● **What this task involves**
Although pictures appear in the data, the answer should contain only the lines from its start through the line with "It's just a", written out exactly.

● **Provided records**
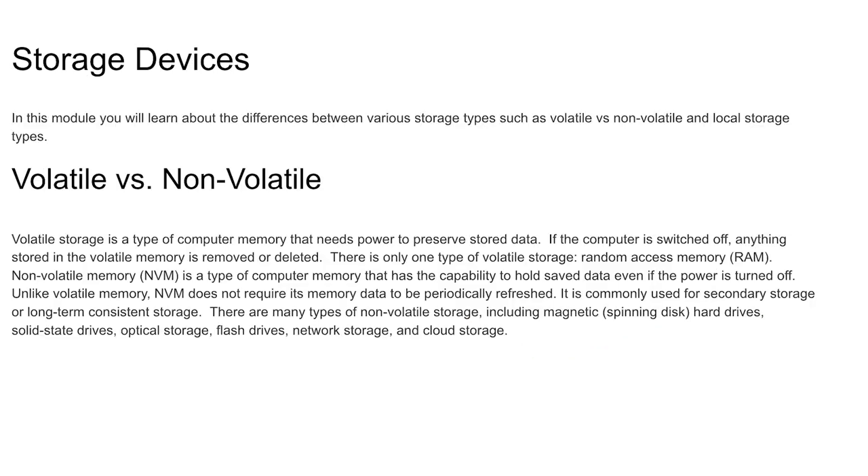Storage: volatile vs. non-volatile. Volatile storage erases when the computer powers off — RAM (random access memory) is an example, serving as the short-term memory of your computer. Non-volatile storage includes hard disks and SSDs (solid state drives). Other forms of non-volatile storage include flash drives, optical storage like DVDs, cloud storage, and network storage.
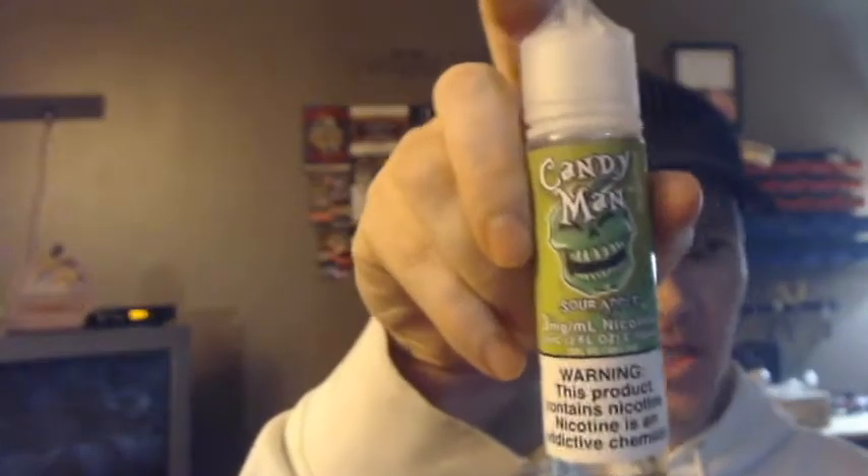It's just a simple squonk mod. It's cool as a collector's piece - this is something that will probably sit on my desk. I don't think I'll use it very often, but let's take it for a rip anyway. By the way, the juice I'm using today is from Candyman - it is their new sour apple. A lot of people say it tastes like a sour apple Jolly Rancher or slushy. There's no coolant or menthol, I just get a pretty decent sour apple vape off of it. That is the Dampfdozen Handmade Squonk Mod, number nine from Germany.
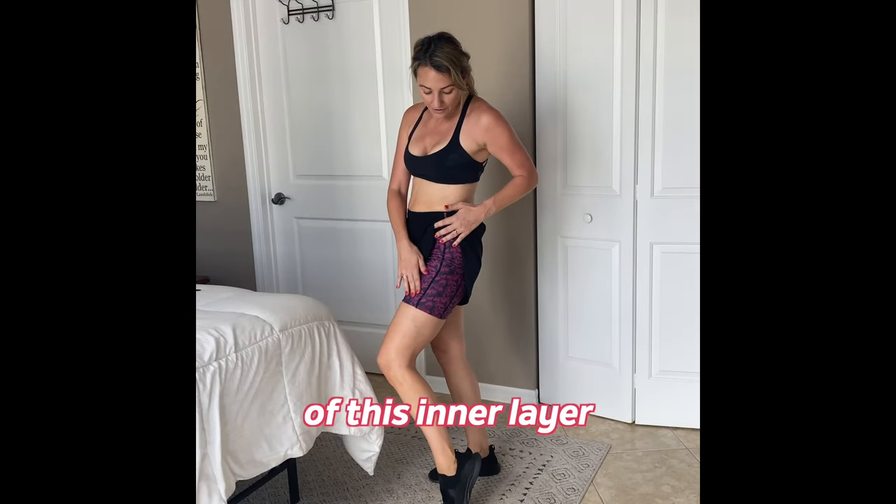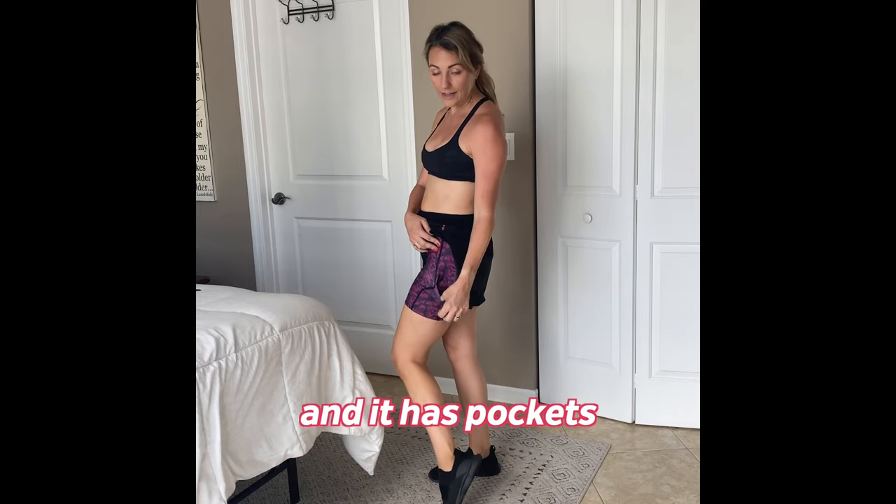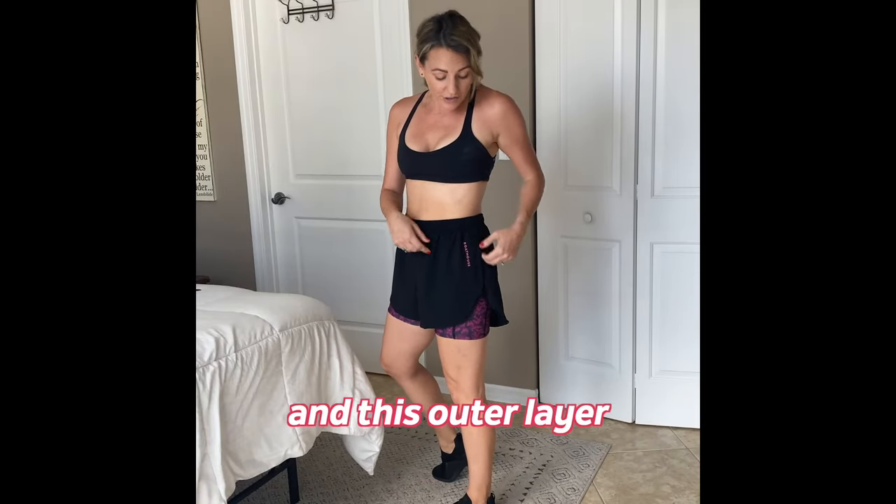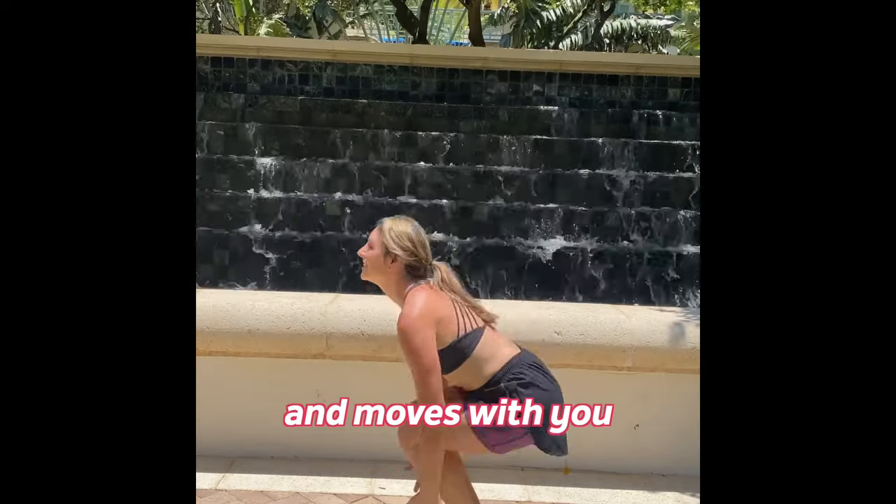I love the comfort of this inner layer compression short, and it has pockets — perfect for your cards, keys, whatever you need. And this outer layer just adds a little extra coverage and moves with you.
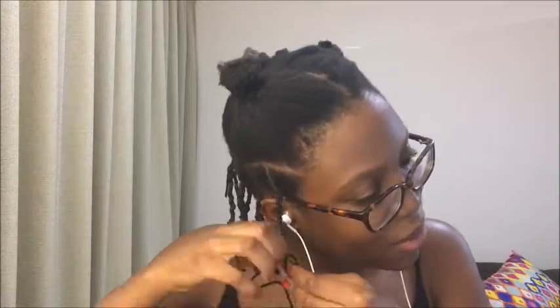My mom would actually do this to stretch my hair when I was younger, so shout out to my mama. When you finish doing that, you're going to bend the tip onto the hair and wrap the yarn around that a few more times just to keep your tips protected. Then tie the yarn around the tip about three times, cut off the excess, and that's it.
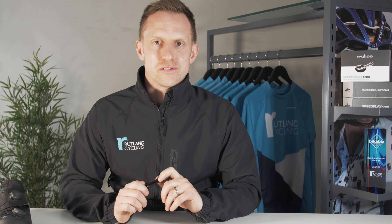So there you have it. If you're looking for a performance road pedal and you've struggled with injury in the past, or you just want something that's more adjustable than anything else out there, then make sure you take a good look at the new Wahoo Speedplay range. To find out more, click the link below or head to your nearest Rutland Cycling store.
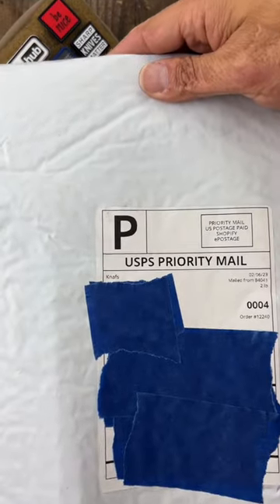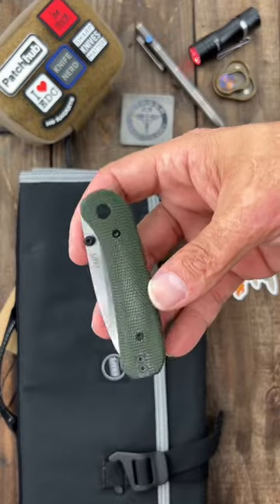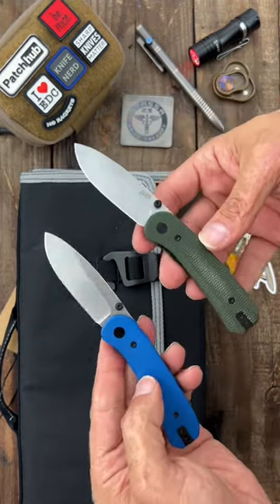This package just showed up at my door. Let's see what's inside. This is my order from Knives Co. So in the box we have the brand new Knives Lander. This is the 14C28N version. The original is in D2.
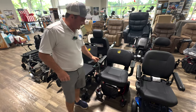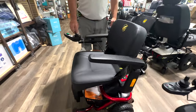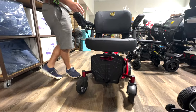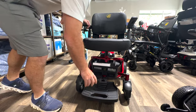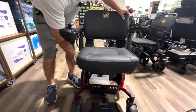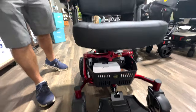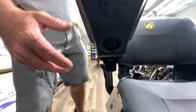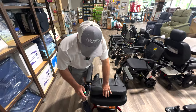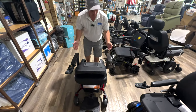This is the Golden Envy. Golden makes this chair and they make what they call the LT — a little bit smaller version of this. This is the Golden Envy power wheelchair that can be disassembled. 300 pound weight capacity. Swivel seat. It has a basket underneath it. You can charge it through here. Programmable controller. You can also charge it through the battery.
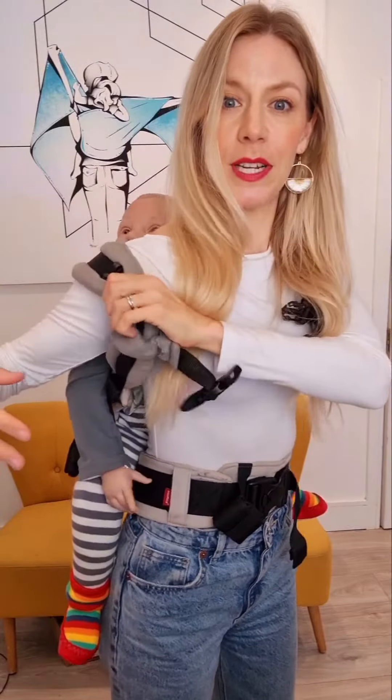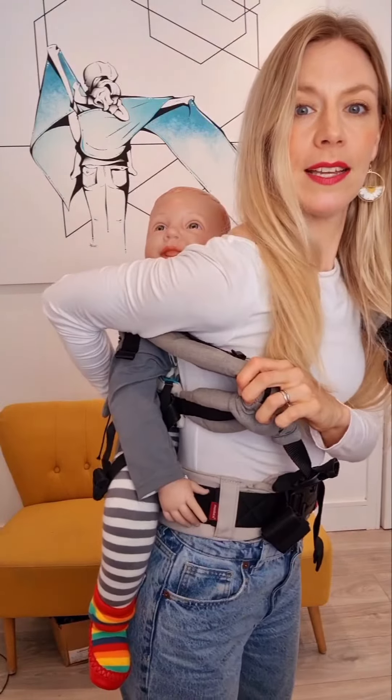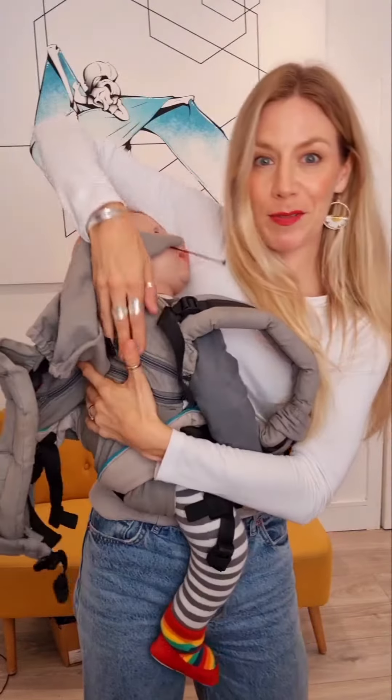As you get more confident, you can try this. It's like a hip scoop but in reverse to take them down. Make sure you've always got one hand supporting your baby or the shoulder strap. Hold on to them nice and snug and scoot them back around to your front.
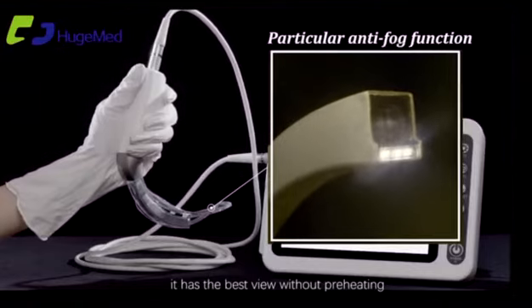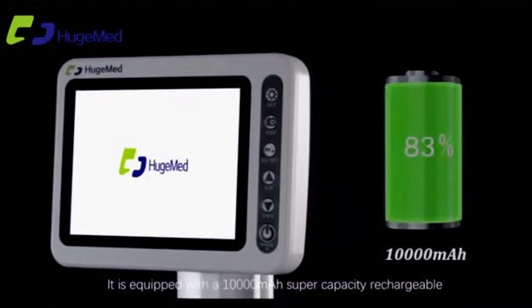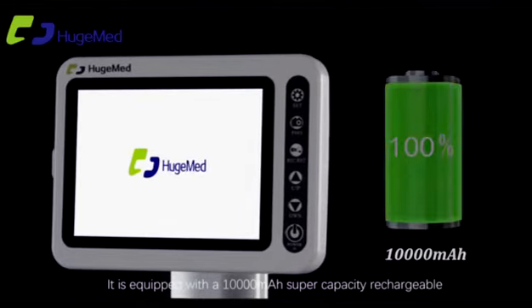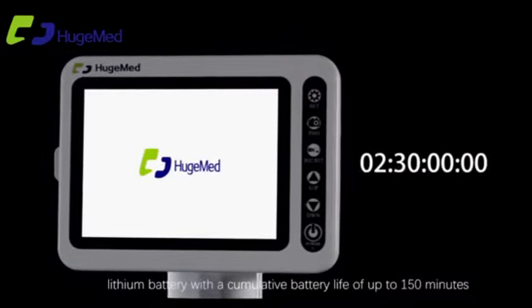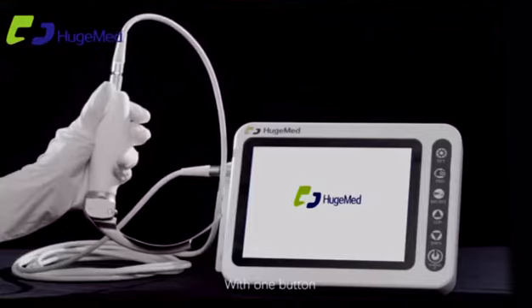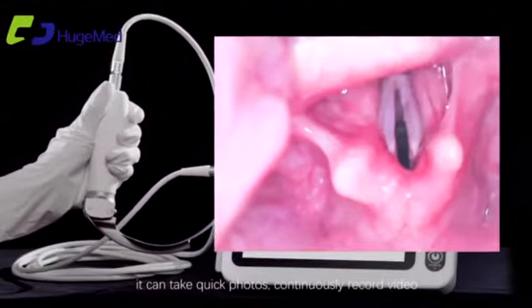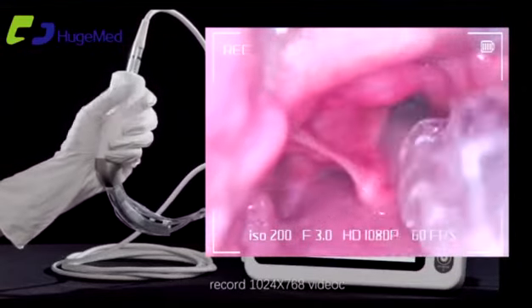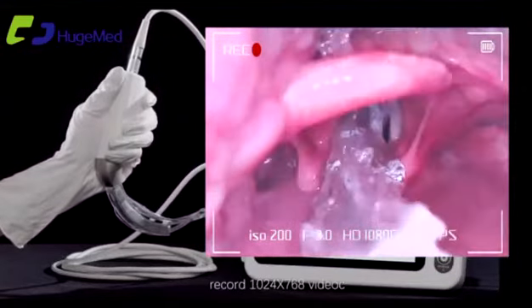With the anti-fog function, it provides the best view without preheating. It is equipped with a 10,000 mAh super-capacity rechargeable lithium battery with a cumulative battery life of up to 150 minutes. With one button, it can take quick photos, continuously record video, and record at 1024 by 768 resolution.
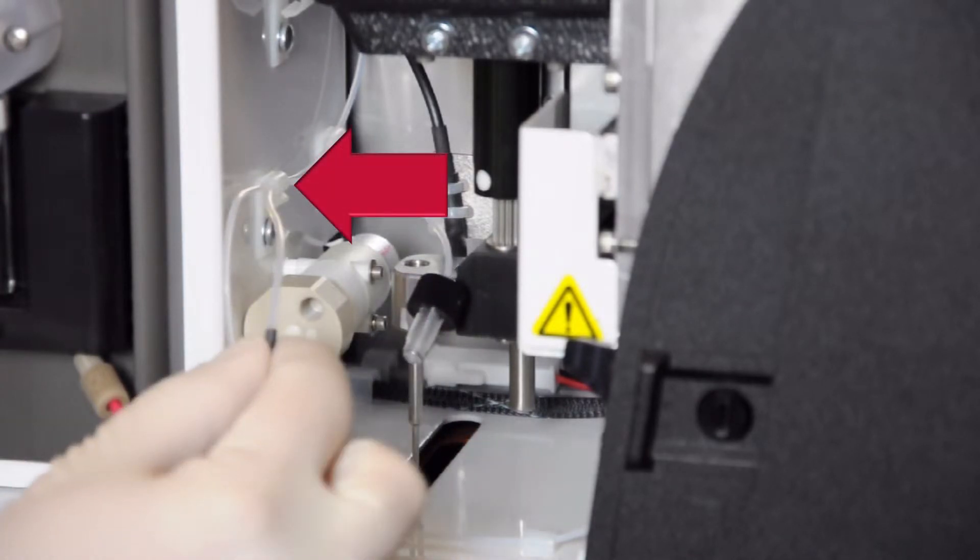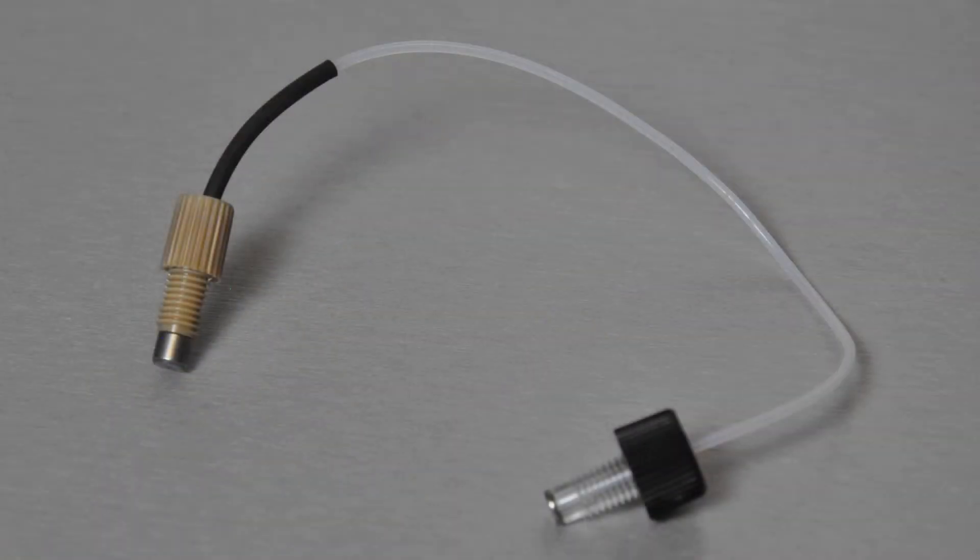Pull the loose tube through the strain relief to remove the tube. The sample probe tube is subject to wear because of the constant motion of the sample probe. Consequently, maintenance requires replacing this tube on a yearly basis.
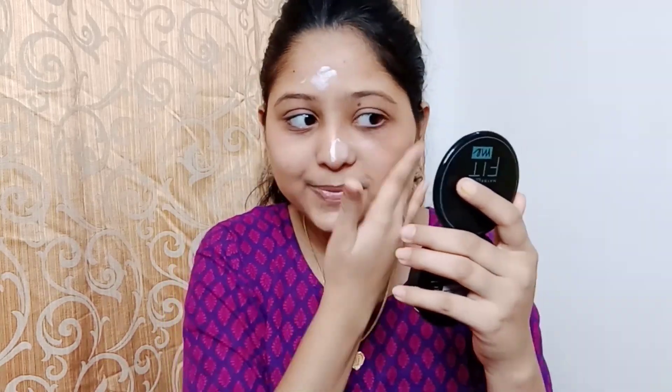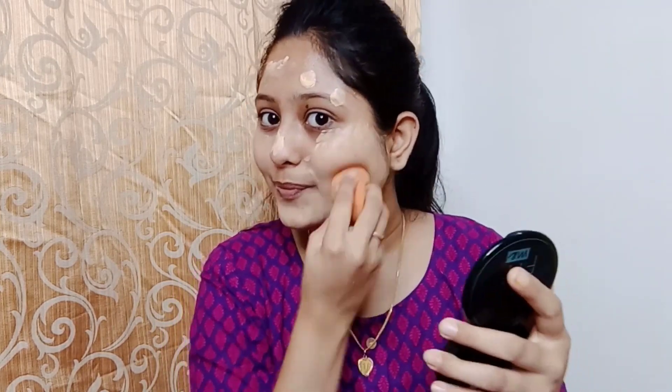Next we are moving to foundation. For that today I am going to use this L18 foundation in the shade 0 to Marble. I have got a little on the back of my hand and I am going to dot it on. I am using a damp beauty blender to dab it on. Guys, don't forget to apply on your neck also.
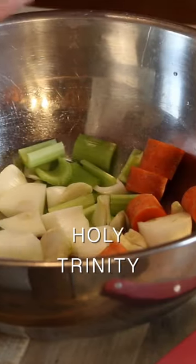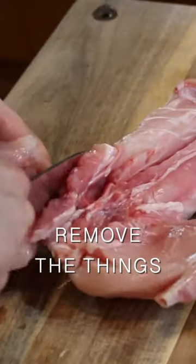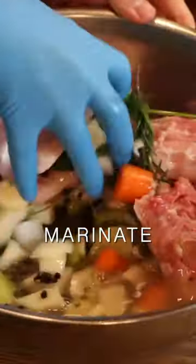From Anthony Bourdain, we cook a bunny. Rough chopped mirepoix, herbs, black pepper, and white wine, and we butcher this thing for the first time. Separate the legs and the ribs, which was surprisingly easy. Into the marinade for an hour or two.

● **Exercise response**
Storage: volatile vs. non-volatile. Volatile storage erases when the computer powers off — RAM (random access memory) is an example, serving as the short-term memory of your computer. Non-volatile storage includes hard disks and SSDs (solid state drives). Other forms of non-volatile storage include flash drives, optical storage like DVDs, cloud storage, and network storage.
It's just a simple squonk mod. It's cool as a collector's piece - this is something that will probably sit on my desk. I don't think I'll use it very often, but let's take it for a rip anyway. By the way, the juice I'm using today is from Candyman - it is their new sour apple. A lot of people say it tastes like a sour apple Jolly Rancher or slushy. There's no coolant or menthol, I just get a pretty decent sour apple vape off of it. That is the Dampfdozen Handmade Squonk Mod, number nine from Germany.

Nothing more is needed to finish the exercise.